[Extracted data entries]

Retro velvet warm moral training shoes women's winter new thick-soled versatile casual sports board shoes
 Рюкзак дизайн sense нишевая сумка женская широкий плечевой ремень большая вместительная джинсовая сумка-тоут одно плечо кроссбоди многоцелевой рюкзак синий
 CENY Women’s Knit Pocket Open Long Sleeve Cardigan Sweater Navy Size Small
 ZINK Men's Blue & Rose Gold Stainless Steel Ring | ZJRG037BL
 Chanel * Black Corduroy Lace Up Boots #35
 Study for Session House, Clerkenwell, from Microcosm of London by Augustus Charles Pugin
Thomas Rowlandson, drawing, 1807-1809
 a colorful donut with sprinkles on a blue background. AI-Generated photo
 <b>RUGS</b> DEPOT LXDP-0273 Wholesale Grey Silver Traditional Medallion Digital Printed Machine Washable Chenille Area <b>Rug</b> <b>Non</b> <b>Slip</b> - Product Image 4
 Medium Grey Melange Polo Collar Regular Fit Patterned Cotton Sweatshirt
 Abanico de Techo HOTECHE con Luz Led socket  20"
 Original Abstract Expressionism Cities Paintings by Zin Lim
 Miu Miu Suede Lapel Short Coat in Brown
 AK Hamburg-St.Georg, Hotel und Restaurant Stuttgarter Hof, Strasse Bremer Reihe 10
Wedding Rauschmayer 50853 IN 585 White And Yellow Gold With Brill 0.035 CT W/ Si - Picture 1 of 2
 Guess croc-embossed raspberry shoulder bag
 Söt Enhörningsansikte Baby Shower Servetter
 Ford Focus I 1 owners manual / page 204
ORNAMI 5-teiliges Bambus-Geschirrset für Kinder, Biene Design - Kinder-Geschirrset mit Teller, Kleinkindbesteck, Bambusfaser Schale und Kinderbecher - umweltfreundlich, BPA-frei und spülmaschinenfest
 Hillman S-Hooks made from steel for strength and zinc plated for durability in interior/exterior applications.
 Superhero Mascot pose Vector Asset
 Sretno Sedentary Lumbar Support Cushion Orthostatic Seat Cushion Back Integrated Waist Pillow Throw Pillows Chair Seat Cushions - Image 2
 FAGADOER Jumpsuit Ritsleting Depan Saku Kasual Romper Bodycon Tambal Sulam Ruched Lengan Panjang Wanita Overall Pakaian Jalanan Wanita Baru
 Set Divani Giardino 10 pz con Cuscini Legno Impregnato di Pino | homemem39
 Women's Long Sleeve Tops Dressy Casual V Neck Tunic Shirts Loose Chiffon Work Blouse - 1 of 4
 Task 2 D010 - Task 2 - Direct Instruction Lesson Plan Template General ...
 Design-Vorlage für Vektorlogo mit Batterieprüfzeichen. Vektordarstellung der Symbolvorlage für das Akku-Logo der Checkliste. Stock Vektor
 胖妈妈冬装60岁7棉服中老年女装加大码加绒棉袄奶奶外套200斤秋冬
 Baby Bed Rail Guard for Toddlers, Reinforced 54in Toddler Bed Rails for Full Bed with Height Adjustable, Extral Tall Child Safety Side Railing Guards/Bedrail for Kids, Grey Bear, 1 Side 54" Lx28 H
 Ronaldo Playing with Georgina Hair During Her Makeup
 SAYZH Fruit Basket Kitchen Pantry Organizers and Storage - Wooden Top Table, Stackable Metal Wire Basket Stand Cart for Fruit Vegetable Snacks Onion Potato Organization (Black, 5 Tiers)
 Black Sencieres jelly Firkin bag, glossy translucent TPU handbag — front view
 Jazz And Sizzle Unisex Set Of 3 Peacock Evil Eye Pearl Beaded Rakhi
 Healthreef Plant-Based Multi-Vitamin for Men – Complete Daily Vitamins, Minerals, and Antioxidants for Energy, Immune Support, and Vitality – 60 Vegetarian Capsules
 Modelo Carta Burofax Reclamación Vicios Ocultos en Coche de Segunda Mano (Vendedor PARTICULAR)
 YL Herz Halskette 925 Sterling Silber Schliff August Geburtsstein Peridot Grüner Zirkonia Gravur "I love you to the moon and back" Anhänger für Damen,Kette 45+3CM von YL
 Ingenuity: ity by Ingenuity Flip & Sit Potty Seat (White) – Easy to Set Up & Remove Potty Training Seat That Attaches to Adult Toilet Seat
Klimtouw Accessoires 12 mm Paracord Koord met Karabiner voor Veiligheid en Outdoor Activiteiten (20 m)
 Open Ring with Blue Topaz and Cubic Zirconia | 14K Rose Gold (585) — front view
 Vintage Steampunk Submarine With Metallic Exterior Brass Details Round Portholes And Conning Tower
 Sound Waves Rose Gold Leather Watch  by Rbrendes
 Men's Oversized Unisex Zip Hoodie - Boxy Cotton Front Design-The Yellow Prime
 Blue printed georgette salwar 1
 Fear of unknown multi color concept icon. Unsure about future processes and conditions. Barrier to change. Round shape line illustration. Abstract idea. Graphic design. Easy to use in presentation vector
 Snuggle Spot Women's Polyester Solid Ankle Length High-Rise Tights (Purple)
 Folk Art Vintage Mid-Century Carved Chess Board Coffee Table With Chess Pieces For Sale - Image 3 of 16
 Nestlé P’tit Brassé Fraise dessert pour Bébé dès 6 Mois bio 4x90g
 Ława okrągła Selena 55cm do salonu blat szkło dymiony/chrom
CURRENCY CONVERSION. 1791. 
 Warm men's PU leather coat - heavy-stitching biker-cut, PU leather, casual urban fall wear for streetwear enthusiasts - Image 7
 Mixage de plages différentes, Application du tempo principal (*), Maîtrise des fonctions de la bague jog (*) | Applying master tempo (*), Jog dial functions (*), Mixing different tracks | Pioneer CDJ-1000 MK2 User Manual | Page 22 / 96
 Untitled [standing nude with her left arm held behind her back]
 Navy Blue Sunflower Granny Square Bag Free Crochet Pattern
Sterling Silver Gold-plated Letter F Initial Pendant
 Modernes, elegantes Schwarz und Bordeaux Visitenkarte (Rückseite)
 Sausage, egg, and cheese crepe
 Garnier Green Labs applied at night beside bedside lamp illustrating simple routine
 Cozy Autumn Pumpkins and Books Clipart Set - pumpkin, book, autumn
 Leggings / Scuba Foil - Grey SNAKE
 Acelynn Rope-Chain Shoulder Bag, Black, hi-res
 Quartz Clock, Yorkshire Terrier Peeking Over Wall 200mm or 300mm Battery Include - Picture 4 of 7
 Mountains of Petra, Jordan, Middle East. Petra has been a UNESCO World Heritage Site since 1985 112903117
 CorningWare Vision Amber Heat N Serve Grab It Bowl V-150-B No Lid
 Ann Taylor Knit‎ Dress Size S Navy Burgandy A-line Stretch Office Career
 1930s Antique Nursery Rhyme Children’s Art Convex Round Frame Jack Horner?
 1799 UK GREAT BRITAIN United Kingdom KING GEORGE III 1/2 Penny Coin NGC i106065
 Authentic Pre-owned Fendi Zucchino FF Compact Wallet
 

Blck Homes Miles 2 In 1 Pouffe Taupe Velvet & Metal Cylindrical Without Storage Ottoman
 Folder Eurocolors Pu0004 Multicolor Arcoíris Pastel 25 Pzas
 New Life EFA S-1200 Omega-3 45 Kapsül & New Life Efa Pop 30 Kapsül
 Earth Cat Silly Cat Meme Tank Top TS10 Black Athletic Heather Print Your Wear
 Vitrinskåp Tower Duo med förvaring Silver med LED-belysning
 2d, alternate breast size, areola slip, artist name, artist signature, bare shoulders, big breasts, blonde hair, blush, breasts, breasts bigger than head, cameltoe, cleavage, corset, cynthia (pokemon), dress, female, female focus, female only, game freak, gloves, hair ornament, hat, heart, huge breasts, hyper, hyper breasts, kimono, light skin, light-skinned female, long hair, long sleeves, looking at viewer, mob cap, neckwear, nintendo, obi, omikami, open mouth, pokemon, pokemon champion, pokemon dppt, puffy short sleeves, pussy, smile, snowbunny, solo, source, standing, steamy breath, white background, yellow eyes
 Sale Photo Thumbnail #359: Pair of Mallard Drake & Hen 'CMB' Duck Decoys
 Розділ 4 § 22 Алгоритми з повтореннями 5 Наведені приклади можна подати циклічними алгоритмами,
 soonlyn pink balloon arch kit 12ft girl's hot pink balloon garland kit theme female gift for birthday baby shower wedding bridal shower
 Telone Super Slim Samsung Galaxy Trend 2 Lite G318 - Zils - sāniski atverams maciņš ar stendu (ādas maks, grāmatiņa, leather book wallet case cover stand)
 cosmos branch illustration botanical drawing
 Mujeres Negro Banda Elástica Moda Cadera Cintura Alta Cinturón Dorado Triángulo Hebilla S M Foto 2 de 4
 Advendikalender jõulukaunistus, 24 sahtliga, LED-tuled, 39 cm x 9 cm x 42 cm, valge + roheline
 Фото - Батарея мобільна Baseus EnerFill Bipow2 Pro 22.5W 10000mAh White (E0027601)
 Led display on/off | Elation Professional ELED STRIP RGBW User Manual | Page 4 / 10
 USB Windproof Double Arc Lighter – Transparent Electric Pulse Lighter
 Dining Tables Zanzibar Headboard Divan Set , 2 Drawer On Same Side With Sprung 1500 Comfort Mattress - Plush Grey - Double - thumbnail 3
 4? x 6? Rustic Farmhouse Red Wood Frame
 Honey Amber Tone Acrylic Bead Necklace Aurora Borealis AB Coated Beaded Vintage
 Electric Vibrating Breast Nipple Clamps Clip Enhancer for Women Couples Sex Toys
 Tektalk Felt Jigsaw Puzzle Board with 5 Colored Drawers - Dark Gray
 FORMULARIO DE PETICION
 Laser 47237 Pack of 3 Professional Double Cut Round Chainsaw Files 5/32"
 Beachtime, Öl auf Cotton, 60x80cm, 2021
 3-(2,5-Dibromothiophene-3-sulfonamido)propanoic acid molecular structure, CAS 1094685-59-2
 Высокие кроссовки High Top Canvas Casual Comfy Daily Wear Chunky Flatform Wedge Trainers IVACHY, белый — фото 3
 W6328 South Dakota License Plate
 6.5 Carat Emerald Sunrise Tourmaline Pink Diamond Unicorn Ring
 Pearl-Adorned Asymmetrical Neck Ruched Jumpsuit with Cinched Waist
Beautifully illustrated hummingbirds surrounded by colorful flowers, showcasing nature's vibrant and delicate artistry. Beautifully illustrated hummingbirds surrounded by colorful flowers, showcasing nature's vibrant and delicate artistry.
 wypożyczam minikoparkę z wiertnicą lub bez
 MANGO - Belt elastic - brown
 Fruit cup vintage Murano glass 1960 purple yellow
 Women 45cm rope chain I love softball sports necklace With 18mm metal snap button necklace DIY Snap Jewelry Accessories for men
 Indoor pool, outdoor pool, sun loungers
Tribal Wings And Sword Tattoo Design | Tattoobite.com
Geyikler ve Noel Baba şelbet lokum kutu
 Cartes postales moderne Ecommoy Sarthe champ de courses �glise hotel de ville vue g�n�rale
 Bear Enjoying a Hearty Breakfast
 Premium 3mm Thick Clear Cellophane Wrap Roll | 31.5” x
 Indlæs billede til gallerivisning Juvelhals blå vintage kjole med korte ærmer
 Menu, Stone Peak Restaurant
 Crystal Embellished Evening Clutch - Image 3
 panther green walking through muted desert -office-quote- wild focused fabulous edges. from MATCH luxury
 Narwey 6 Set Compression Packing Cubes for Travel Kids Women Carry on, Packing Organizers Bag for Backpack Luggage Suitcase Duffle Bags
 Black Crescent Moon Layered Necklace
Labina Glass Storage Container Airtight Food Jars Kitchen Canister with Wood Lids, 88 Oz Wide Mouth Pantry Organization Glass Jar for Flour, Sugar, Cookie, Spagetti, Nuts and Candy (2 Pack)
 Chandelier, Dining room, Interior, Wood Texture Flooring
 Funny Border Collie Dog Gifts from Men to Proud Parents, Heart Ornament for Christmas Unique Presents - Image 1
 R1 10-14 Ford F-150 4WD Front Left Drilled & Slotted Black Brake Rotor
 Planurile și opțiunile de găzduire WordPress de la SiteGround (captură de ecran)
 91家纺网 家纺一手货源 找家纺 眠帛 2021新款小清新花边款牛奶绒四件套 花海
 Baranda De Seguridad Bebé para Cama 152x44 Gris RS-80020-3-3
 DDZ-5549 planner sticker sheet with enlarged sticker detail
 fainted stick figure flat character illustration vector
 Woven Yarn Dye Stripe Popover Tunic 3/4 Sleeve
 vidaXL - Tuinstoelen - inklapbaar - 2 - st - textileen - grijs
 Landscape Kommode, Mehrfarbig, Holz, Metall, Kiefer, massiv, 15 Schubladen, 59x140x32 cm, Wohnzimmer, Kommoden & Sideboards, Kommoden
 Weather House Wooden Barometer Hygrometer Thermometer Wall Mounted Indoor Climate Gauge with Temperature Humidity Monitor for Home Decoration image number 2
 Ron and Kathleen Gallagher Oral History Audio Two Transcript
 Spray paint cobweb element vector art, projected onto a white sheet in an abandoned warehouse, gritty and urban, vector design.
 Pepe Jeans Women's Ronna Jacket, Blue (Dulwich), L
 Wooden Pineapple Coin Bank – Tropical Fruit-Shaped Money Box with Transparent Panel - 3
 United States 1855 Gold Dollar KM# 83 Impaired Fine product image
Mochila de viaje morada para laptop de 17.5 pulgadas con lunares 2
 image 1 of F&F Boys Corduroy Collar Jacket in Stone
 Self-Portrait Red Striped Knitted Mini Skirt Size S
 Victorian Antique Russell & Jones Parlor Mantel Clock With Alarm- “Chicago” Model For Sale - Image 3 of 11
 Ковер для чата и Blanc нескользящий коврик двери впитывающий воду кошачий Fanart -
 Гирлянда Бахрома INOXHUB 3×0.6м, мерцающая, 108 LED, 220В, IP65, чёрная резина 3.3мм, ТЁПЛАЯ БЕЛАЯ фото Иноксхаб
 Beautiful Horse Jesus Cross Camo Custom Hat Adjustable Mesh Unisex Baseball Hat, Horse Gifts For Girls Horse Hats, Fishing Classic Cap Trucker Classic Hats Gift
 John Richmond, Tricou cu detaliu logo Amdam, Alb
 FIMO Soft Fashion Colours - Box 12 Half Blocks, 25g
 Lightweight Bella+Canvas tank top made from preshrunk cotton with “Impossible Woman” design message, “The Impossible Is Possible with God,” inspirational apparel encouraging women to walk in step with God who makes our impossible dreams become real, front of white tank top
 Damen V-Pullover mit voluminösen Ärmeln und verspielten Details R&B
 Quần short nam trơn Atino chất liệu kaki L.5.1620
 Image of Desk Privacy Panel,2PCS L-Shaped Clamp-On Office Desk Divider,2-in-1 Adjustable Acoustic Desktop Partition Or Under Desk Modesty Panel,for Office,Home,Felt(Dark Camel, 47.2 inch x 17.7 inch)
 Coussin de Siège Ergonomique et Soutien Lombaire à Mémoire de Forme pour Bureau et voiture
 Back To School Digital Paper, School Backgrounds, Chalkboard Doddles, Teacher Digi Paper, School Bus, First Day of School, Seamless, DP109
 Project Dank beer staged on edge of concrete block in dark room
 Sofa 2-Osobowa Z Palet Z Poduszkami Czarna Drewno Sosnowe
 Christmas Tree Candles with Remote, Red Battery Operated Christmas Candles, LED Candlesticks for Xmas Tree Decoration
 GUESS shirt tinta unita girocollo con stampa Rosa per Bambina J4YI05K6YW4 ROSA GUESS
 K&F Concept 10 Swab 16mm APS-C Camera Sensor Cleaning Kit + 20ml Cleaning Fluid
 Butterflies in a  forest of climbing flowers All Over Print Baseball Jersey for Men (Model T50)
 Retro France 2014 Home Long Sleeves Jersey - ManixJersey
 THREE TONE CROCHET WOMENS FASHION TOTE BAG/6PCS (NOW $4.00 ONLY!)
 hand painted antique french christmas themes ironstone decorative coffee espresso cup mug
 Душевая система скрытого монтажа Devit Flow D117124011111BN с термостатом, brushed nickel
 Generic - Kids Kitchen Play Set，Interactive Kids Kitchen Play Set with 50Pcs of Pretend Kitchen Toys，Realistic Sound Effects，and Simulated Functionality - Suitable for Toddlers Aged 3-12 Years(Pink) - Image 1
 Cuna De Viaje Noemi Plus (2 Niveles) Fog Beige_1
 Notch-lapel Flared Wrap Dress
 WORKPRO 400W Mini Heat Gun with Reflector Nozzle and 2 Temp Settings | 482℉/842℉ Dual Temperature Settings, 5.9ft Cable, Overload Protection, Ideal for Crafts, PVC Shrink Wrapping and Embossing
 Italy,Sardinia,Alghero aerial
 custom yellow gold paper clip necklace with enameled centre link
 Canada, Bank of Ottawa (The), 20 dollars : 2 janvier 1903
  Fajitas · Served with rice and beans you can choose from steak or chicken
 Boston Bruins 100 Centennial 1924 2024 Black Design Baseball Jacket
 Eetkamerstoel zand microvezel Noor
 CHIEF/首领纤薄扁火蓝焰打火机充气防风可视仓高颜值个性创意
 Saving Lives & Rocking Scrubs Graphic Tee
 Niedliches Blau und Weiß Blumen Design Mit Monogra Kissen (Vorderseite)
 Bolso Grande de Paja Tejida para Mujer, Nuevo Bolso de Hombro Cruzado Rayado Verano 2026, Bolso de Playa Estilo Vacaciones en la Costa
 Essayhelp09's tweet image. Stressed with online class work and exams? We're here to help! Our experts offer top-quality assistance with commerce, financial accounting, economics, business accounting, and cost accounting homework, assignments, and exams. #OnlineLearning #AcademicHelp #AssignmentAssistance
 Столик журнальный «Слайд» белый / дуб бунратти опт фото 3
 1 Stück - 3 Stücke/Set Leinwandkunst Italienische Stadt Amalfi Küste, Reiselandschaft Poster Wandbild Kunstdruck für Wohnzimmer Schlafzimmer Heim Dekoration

Instructions to follow - Of the entries listed above, reproduce only the lines starting at the line containing "ORNAMI 5-teiliges Bambus-Geschirrset" and ending at the line containing "FAGADOER Jumpsuit Ritsleting". Include both, exactly as they stand.

Task result -
ORNAMI 5-teiliges Bambus-Geschirrset für Kinder, Biene Design - Kinder-Geschirrset mit Teller, Kleinkindbesteck, Bambusfaser Schale und Kinderbecher - umweltfreundlich, BPA-frei und spülmaschinenfest
 Hillman S-Hooks made from steel for strength and zinc plated for durability in interior/exterior applications.
 Superhero Mascot pose Vector Asset
 Sretno Sedentary Lumbar Support Cushion Orthostatic Seat Cushion Back Integrated Waist Pillow Throw Pillows Chair Seat Cushions - Image 2
 FAGADOER Jumpsuit Ritsleting Depan Saku Kasual Romper Bodycon Tambal Sulam Ruched Lengan Panjang Wanita Overall Pakaian Jalanan Wanita Baru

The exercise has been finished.